Hi David

Thank you so much for your time.

I will give it a go next week.

FWIW, the flow of data is from a foo.bz2 file to --> (Squeak via your tools) -> Monty's XMLParser-Stax (aka SAX XML processing)  -> Levante's  Postgres Database.


I am hoping that Squeak will be able tor work directly on bz2 files (and other types, via your tools) and so leverage the existing underlying Linux/Mac/Dos tools to get the data from these types of things.

Unfortunately, I know a bit less than diddly-squat about streams/a-synchronous this/processes to code anything worthwhile.

Again,

Thank you for your time and effort.

cordially,

t





---- On Thu, 24 Aug 2023 19:47:54 -0400 David T. Lewis <lewis@mail.msen.com> wrote ---

On Fri, Aug 11, 2023 at 10:48:19AM -0400, gettimothy via Squeak-dev wrote:
> Hi Folks.
>
> Continuing with my previous failed efforts to get the output stream from a linux process into squeak, I studied the UnixProcess testPipeLine.
>
> I have modified it under my own test method, as shown below
>
> catFromFileToSqueak
>

Hi tty,

I not tried to debug the code that you shared, but I recall that you
have been trying to read large input streams into your Squeak image
with OSProcess.

After reading your earlier posts, I took a look at using OSProcess/CommandShell
for reading large input streams, and I found that it did not work properly for
large input streams.

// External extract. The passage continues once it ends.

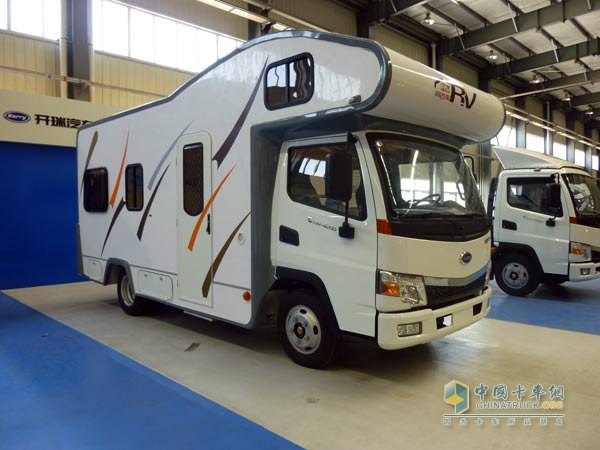 開(kāi)瑞綠卡房車(chē)
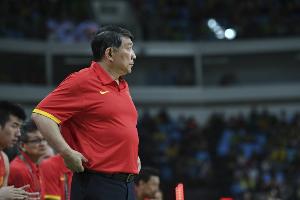 宮魯鳴：女籃完成了萬(wàn)次投籃訓(xùn)練計(jì)劃 日本和澳大利亞是主要對(duì)手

I have made some updates since then to correct the errors.
The main changes are these:


Name: OSProcess-dtl.137
Author: dtl
Time: 31 July 2023, 4:57:28.437465 pm
UUID: b02b83df-4436-4105-a7dc-c9fe9ff35dd1
Ancestors: OSProcess-dtl.136

OSProcess 4.7.4
Update BufferedAsyncFileStream to enable a PipeableOSProcess (from
companion package CommandShell) to stream over a very large input stream.
For a buffered input stream on an OS pipe, ResettableBufferStream will
periodically trim its internal buffer to remove elements previously read.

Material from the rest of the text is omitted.